Selon lui, tout était prêt de ce côté de là. John s’était fait beaucoup de complicités dans le commandement de la région militaire où comme second, il entretenait -de notoriété publique- des rapports les plus exécrables avec son chef, le Général ex-RCD Obed Rubasirwa.

“Il n’attendait que le moment pour passer à l’action. Mbuji-Mayi venait en second lieu. Des liens avaient déjà été établis avec des “supplétifs” dans le Bandundu et Bas-Congo pour prendre Kinshasa en étau”, rapporte la même source. Tout le contraire du plan de Lumbala qui s’était fixé pour priorité la prise de la ville de Mbuji-Mayi, dans le calcul de faire main basse sur la MIBA pour se donner les moyens de la guerre.

Ses lieutenants avaient conduit des infiltrations sur place et se félicitaient de disposer de près de 200 hommes prêts à combattre pour la cause. Simon Tshitenge, ancien vice-ministre lumbaliste sous le 1+4, en avait fait une certitude à ce point que Lumbala s’est bâti une conviction là dessus.

Conviction qu’il a partagée avec Tshibangu pour lui dire qu’il suffisait qu’il s’approche de Mbuji-Mayi pour que ces “infiltrés” donnent l’assaut. A compter avec l’élément surprise, tout pouvait basculer en un laps de temps.

Voilà qui amène l’ancien efoïste - 18ème promotion de l’Ecole de formation des offociers de Kananga- à quitter Kananga samedi 11 août, à 19 heures, en compagnie de Tshitenge. Dans sa suite, il amène tous ses gardes rapprochés. Au total, dix-sept hommes.

Le cortège atteindra Miabi, à 50 kms de Mbuji-Mayi, à 4 heures du matin alors que Tshitenge poursuit le voyage pour aller donner le go au coeur même de la capitale du Kasaï Oriental.

A mi-chemin, à 15 kms de Miabi, il fait une halte rapide dans cette localité de Boya visée comme Mbuji-Mayi pour l’intérêt qu’elle présente avec la présence de Sengamines. Tout cela est si beau et si proche de se matérialiser que Tshitenge tombe presqu’à la renverse lorsque les 200 “infiltrés” lui disent qu’ils ne sont pas disposés à combattre.

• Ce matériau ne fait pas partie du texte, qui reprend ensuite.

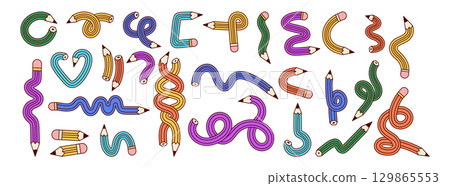 Pencil doodle. Curved pen bright. School tool, funny cartoon shape for study. Hand drawn kids education stationery cute equipment. Art class, office supplies. Vector drawing garish icon isolated set 129865553
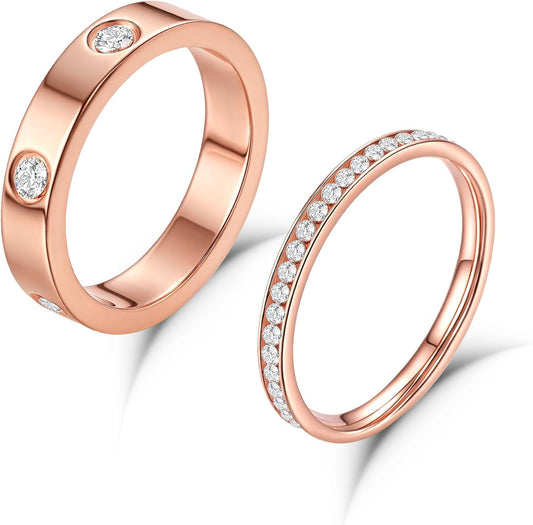 Rose gold plated cubic zirconia 2 piece ring set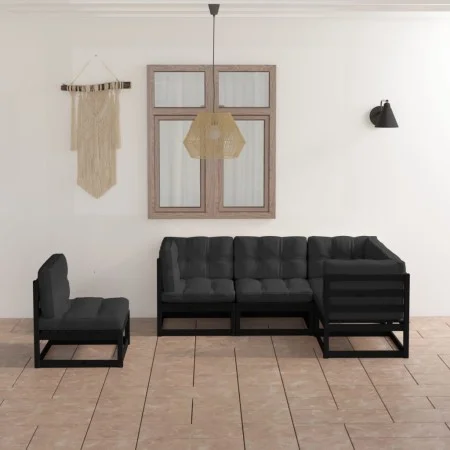 Juego de muebles de jardín 5 pzas y cojines madera pino maciza de vidaXL, Conjuntos de jardín - Ref: Foro24-3076628, Precio: ...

Ils ne le pourront que si seulement si Lumbala paie les 2.000 dollars promis par tête. Soit 400.000 dollars indisponibles à l’instant même. A partir de ce moment, le temps commence à jouer contre Tshibangu.

Dans la matinée du 12 août, Rubasiwra a très vite constaté son absence en même temps que tous ses téléphones étaient atteints.

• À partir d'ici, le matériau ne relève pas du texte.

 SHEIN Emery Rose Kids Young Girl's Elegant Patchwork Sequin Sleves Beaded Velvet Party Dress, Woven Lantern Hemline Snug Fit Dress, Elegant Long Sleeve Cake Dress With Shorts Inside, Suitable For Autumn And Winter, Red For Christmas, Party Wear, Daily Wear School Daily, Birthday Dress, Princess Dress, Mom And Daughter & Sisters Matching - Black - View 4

Il en a tiqué pour envoyer une équipe s’enquérir à la résidence de son adjoint. Sur place, il n’y avait pas chat qui vive. Pas un seul occupant jusqu’aux portes et fenêtres devêtues des rideaux. L’instant d’après, l’alerte est donnée. Tshibangu qui l’apprend par la radio n’a plus d’autre choix que se replier en brousse pour tenter de constituer un maquis.

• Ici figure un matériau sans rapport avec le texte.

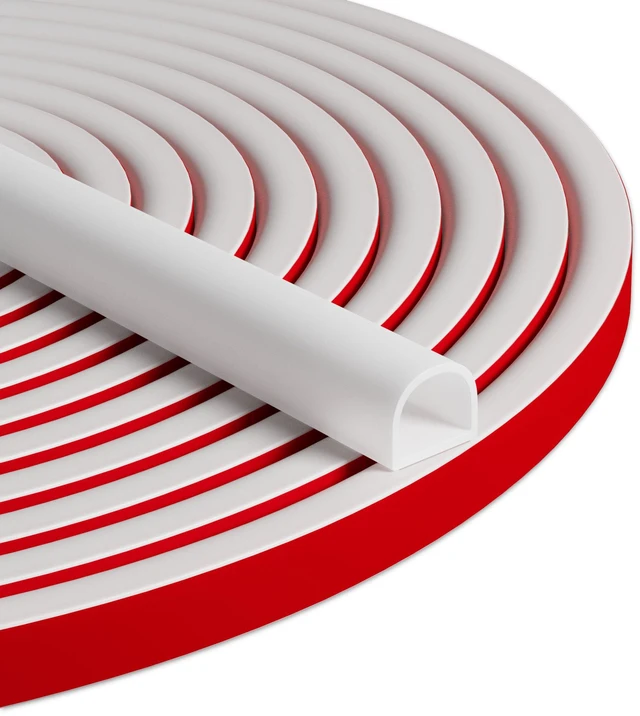 Main image of 20FT Weather Stripping Door Seal, Self-Adhesive Silicone D-Shaped Seal Strip for Door Frame & Window Gaps, Soundproof Insulation Gap Filler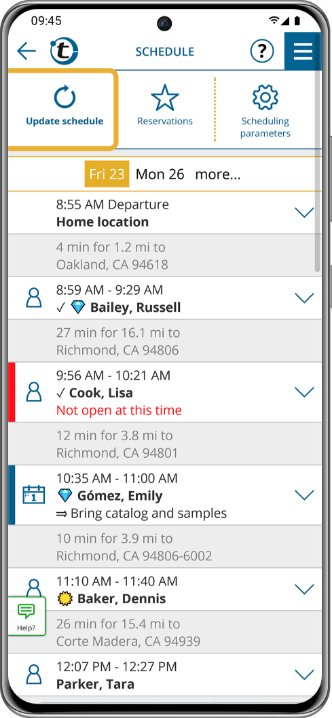 Update your schedule within seconds to receive an adapted route that fits your current circumstances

Ce qu’il fait dans un campement qu’il se fait construire avec l’aide d’une centaine de jeunes de Miabi ralliés à sa cause. Des jeunes qu’il se met à former à l’art de la guerre mais faute de moyens et avec les FARDC à ses trousses, il ne peut poursuivre l’entreprise.

“Je peux vous assurer qu’il a dû négocier avec Kinshasa. C’est ainsi que les 17 qui l’avaient accompagné se sont rendus”, rapporte l’un des témoins. Qu’en est-il advenu de Tshibangu lui-même?

Presque personne le sait avec certitude. Des sources rapportent qu’il serait repassé à Kananga, déguisé pour un exil en Afrique Sud. D’autres disent qu’il entretient un maquis quelque part sous le label du MRVU -Mouvement pour la restauration de la vérité des urnes- créé pour le besoin de la cause.

A 44 ans d’âge, Tshibagu reste fidèle à sa réputation d’officier baroudeur. A l’époque du RCD-K/ML, il avait tenté de détourner un avion. Le pilote l’avait piégé pour atterrir à Kigali. Fait prisonnier, Tshibangu avait réussi à s’évader pour couper, à pied, entre brousses et marécages jusqu’à Beni, dans la province du Nord-Kivu.

Quelques années plus tard, il se retrouve là à commander les opérations face au Général Laurent Nkunda. Ses hommes arrivent à encercler l’ennemi mais une consigne de dernière minute ordonne d’ouvrir un corridor.

L’officier s’en révoltera si bruyamment que la hiérarchie n’obtiendra son silence qu’avec son emprisonnement avant son éloignement du front. Ceci explique peut-être cela ou vice-versa.